Und wer kennt das nicht, was nun folgte: stundenlanges Suchen, das
Abklappern von Google Suchergebnissen und plötzlich findet man sich
auf Seiten wieder, die sich alle irgendwie ähneln. Ich laß eine
Liste nach der anderen über die angesagtesten Reise Apps; die Apps
die man in 2020 unbedingt fürs Reisen braucht oder die Apps, die
einem das Reisen so wunderbar einfach machen. Was ich suchte war
nicht dabei. Aber es beschlich mich mal wieder das Gefühl, daß alle
entweder voneinander abschreiben oder sich die App Hersteller die
Erwähnung in Blogbeiträgen und Bestlisten etwas kosten lassen.

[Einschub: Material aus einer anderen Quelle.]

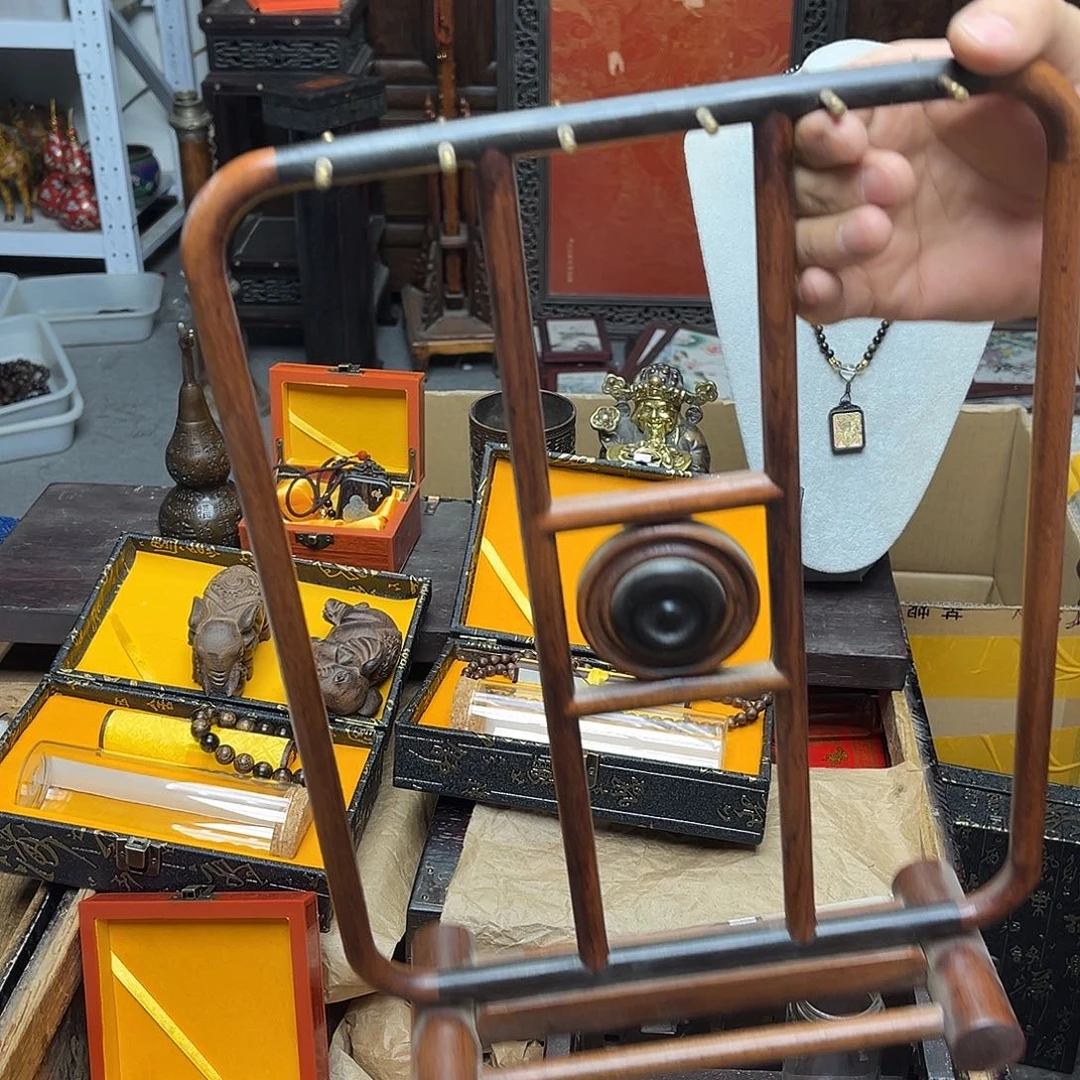 大叶紫檀（黑酸枝木类）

Die
Ergebnisse veranlassten mich dazu, diesen Beitrag zu schreiben. Keine
Angst, Ihr bekommt nicht unsere best off der allertollsten Reise Apps
zu lesen, sondern dies wird eher ein „Früher war vielleicht nicht
alles besser, aber definitiv anders- Beitrag“.
Als ich 2005 in die
große weite Welt auszog, nicht um das Fürchten aber um das Leben
kennenzulernen, führte mich mein Weg nach Neuseeland. Schon damals
gab es mehrere Wege, diesen mutigen Schritt zu gehen. Entweder im
Sorglos Paket, das viele Eltern sich und ihren Kindern gern schnürten
indem eine Organisation für viel Geld einen Flug für den Nachwuchs
buchte, seelischen Beistand für die ersten Wochen versprach und sich
auf die Fahnen schrieb, bei allem Organisatorischem unter die Arme zu
greifen (Eröffnung Bankkonto, Jobsuche, Wohnungssuche etc). Andere,
so wie ich, buchten sich allein übers Internet ein Backpackerhostel
für die ersten paar Nächte und flog einfach runter und ließ sich
überraschen. Damals half noch kein Booking.com oder airbnb bei der
Suche nach einem Bett, das erledigte man alles irgendwie selbst.
Als ich in Auckland
eintraf, rannte nicht jeder mit einem Smartphone vor dem Gesicht
durch die Stadt, um den Shuttle in die Stadt oder ein Taxi zu finden
und man fand das Backpackerhostel auch ohne google maps. Ich muß
gestehen, ich hatte mir eine kleine Skizze und Wegbeschreibung vorher
ausgedruckt und führte es auf Papier mit mir rum, Greta würde mich
heute dafür schimpfen. Aber damals machte sie vermutlich noch in die
Windeln, hat also nicht das Recht, ihre Nase über mich zu rümpfen.
Der auffälligste
Unterschied zu heute war das „online sein“. Gerade die Großstädte
waren gepflastert mit Internetcafes, die auch immer gut gefüllt
waren, egal zu welcher Tages- oder Nachtzeit. Zum einen traf sich
dort die Gaming Community, also Videospieler oder eben Reisende, die
ihre nächsten Schritte planten, mit der Heimat skypten oder, so wie
ich, ihre vorher handgeschriebenen Reiseberichte entweder in Emails
verpackten oder auf einem Blog veröffentlichten. Internetzeit
kostete noch richtig viel Geld und so kam ich immer vorbereitet, um
möglichst viel schaffen zu können. Nebenbei holte man noch die
Fotos von seiner Kamera und speicherte sie entweder auf einer
externer Festplatte oder brannte sie auf CD ROM. Diesen Service boten
zwar auch einige Internetcafes oder Fotoläden an, aber ich nutzte
dies nie. War mir einfach zu teuer.
Die meisten
Backpackerhostel stellten ebenfalls eine handvoll internetfähige
Rechner in ihren Gemeinschaftsräumen zur Verfügung, aber erstens
war dort die Internetzeit noch viel teurer, oft zahlte man für ein
bestimmtes Volumen an MB (nein, keine Gigabite!) und die Rechner
waren meistens besetzt. Die Zeit im Hostel war immer irgendwie
sozial, wenn man sich nicht gerade im Zimmer in seinem Bett verkroch.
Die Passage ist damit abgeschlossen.